The effect of blade loading on the secondary flow generation has been studied by (Perdichizzi, 1990) and (Dossena et al., 2004). They reported that by increasing the blade loading the profile and secondary flow strength increases and deteriorates the performance of the subsequent blade rows. The secondary flow generation and their interaction between rotating and stationary blade rows has been discussed in detail by (Chaluvadi et al., 2001) and (Schneider et al., 2013). The authors showed by experiments and numerical investigations the convection of the stator secondary flow structures through the downstream rotor and highlighted the unsteady nature of the vortex dynamics.

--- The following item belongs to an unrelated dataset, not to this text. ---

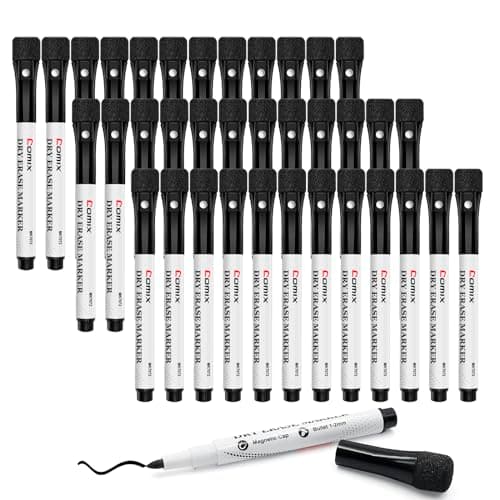 ComixMagnetschreibstifte Fine Tipp Wite Clean Spiegelmarkern Low Duft 36 Pack 12 Farben Kinder Lehrer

A different consideration needs to be made in terms of turbine noise. The recent technology achievements in the aero-engine sector lowers the jet noise by higher bypass ratios as well as the contribution of fan noise due to the advances in the geared turbofan concept. The importance of turbine noise therefore substantially increased. In the past years, interesting work has been published focusing on turbine noise. A fundamental work is provided by (Strahle et al., 1976). Rebholz et al. (2016b) performed a combined study of noise emissions and aerodynamic performance assessment in a 1.5-stage low-pressure turbine representative turbine configuration. The work provides information on the benefit of using a rotor shroud trailing-edge cutback geometry in order to suppress non-synchronous low frequency oscillation. Knobloch et al. (2017) focused their work on the propagation of direct and indirect combustion noise through a transonic high-pressure turbine stage. By a modal decomposition of the acoustic field they found other excitation modes than the anticipated rotor-stator interaction. Faustmann et al. (2015) performed a study on the impact of axial spacing and a novel embedded design (additional splitter blades integrated in the nozzle guide vane) in a transonic turbine facility. They reported a considerable reduction in turbine tonal noise due to the increase of axial distance and the embedded design concept. The fundamental work by (Tyler and Sofrin, 1962) describes the noise generating and propagating mechanisms by means of spinning modes and modal decomposition for the acoustic field of axial flow compressors which is also applicable to turbine acoustic fields.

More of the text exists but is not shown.